A group of the world's largest hedge funds are planning to sue the Financial Services Authority for millions of pounds of losses allegedly resulting from the regulator's ban on short selling, according to a report in the Sunday Telegraph.
A group of the world's largest hedge funds are planning to sue the London-based Financial Services Authority for millions of pounds of losses allegedly resulting from the regulator's ban on short selling, according to a report in the Sunday Telegraph.
The report cited several unnamed hedge fund industry representatives who said that the British financial regulator wrongly extended its powers and caused "widespread capital destruction."
On Thursday, the FSA announced a ban on short selling of financial stocks. That move was followed on Friday with a similar action by the Securities and Exchange Commission.

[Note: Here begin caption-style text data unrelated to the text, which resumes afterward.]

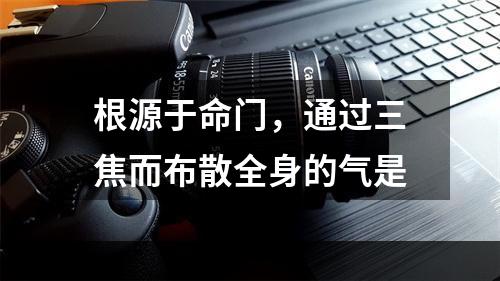 根源于命门，通过三焦而布散全身的气是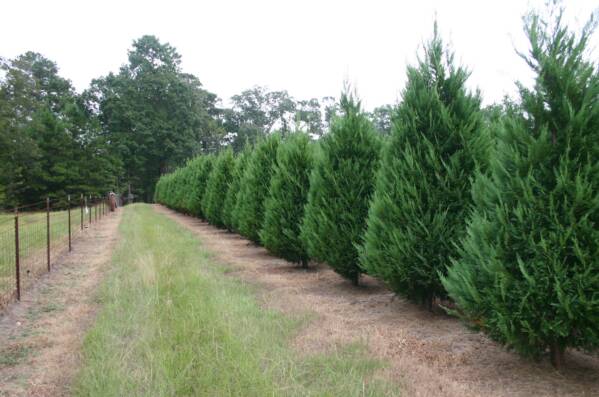 christmas_trees_9-2-7_015_op_599x397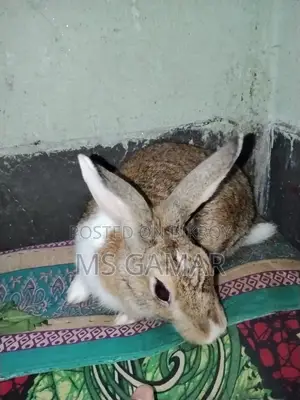 Rabbit Pair for Sale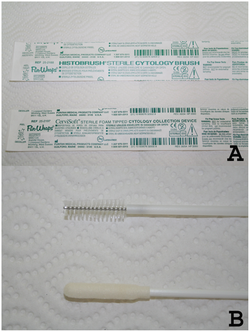 Journal.pone.0026395.g001 cervical cytology brushes.png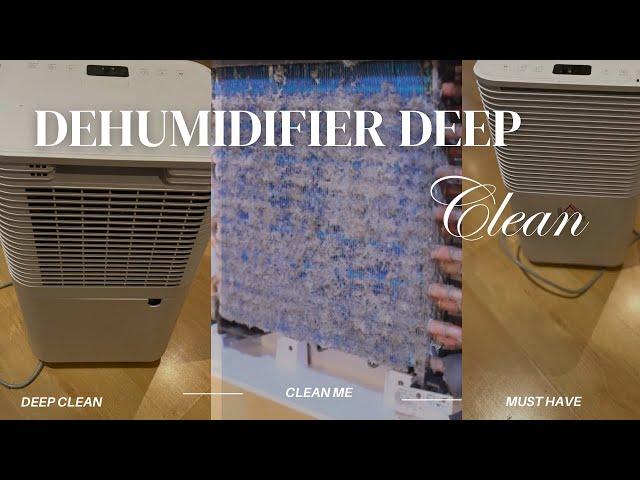 DEHUMIDIFIER DEEP CLEAN | CLEANING THE DEHUMIDIFIER | #cleaningmotivation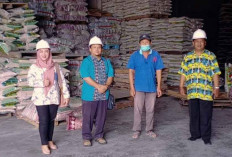 Harga Beras di Belitung Melonjak, Ini Pemicu Kenaikan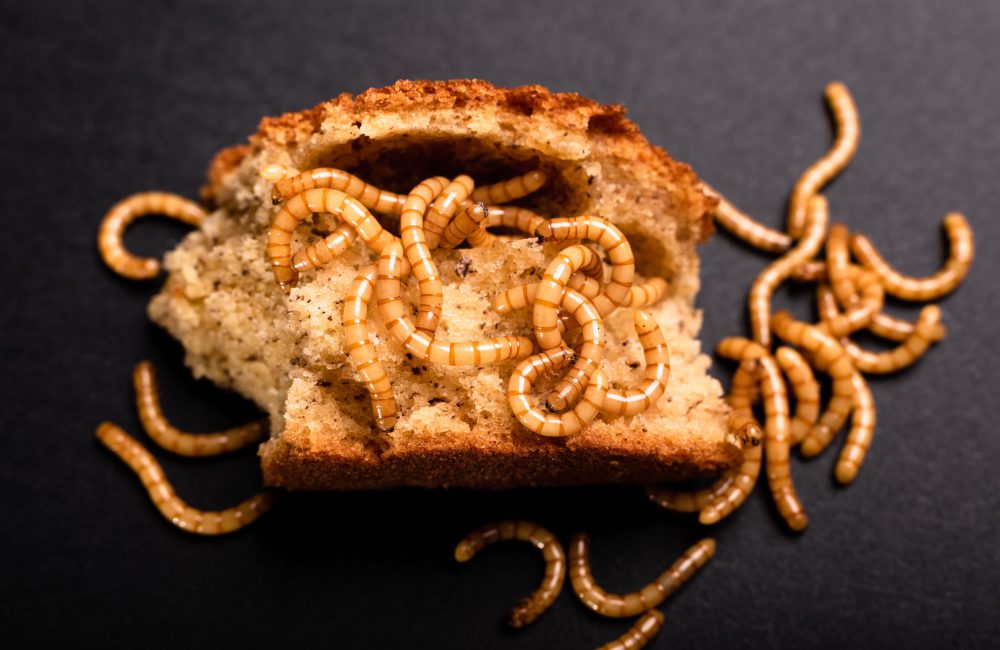 Trek in een portie meelwormen? Wat zijn meelwormen en is het gezond?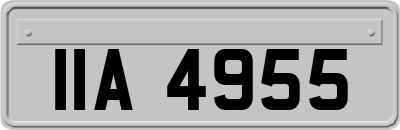 IIA4955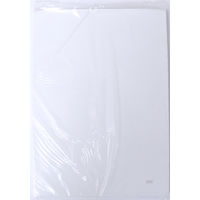 サンフレイムジャパン 書道半紙 松風 100枚 368-0003 1セット(1000枚:100枚×10)（直送品）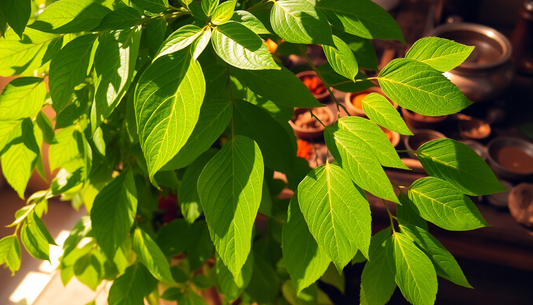 Unlock the Aromatic Secrets of Curry Leaves: A Flavorful Journey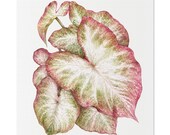 Pink White Caladium Botanical Watercolor Classic Stretched Canvas | Botanical Wall Decor, Bill Shew canvas print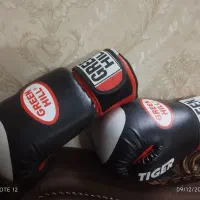 دستکش بوکس چرم استفاده نشده|تجهیزات ورزشی|گرگان, |دیوار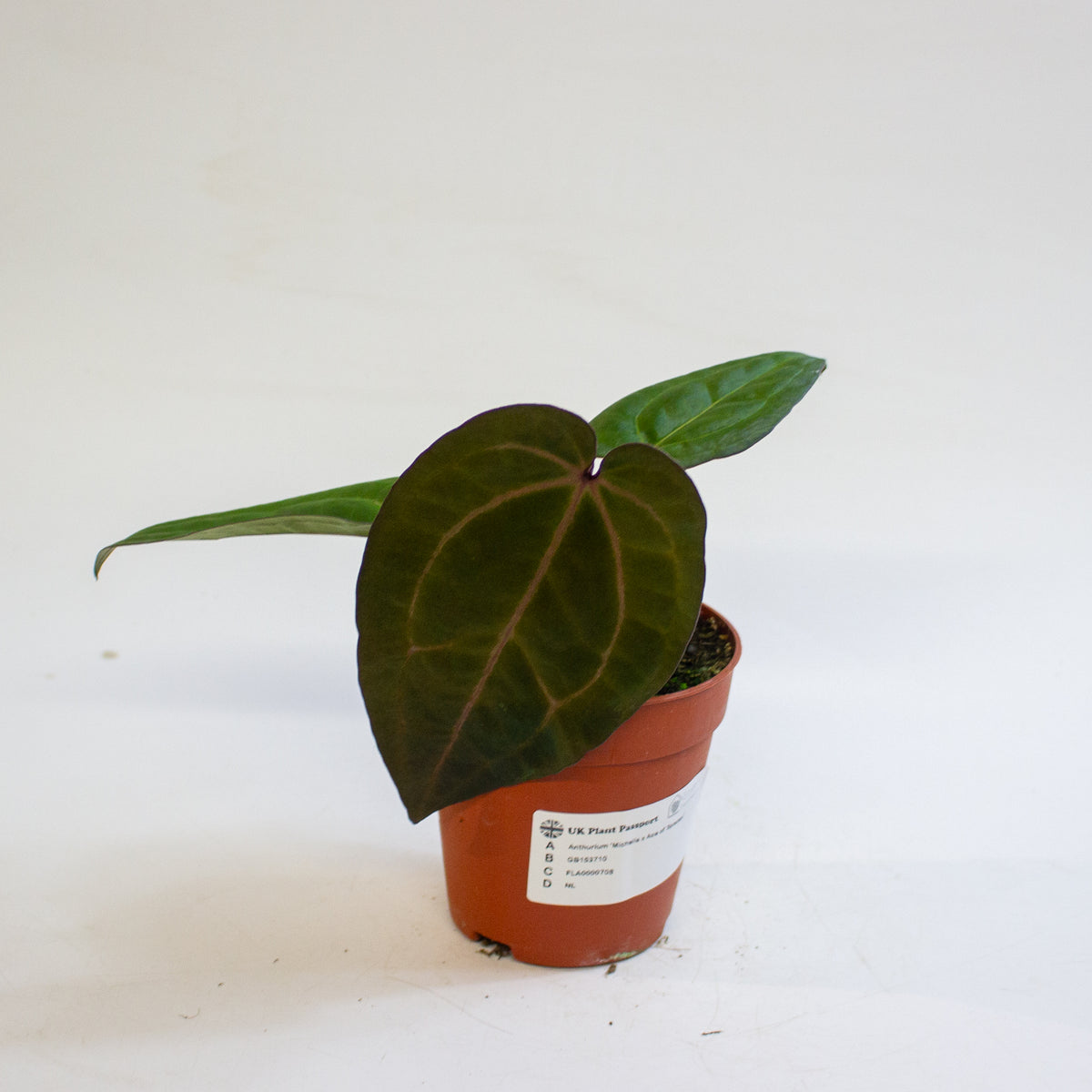 Anthurium 'Michelle x Ace of Spades' 9cm H20cm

The Telegraph reported that that 35% of European hedge funds were organizing emergency measures to avoid closing funds as a ban on short-selling has hindered fund managers at a time when they need flexibility to survive.
"It's too easy to blame hedge funds," said a fund manager quoted in the report, who asked not to be identified.
"The real culprits are the banks which were cavalier in their lending and the investment banks which were irresponsible in the way they packaged the loans and pumped them round the world.”
Shares of The Goldman Sachs Group Inc. and Morgan Stanley, both of New York, were battered by short-sellers before a temporary emergency action to prohibit short selling in 799 financial companies was put in place Friday.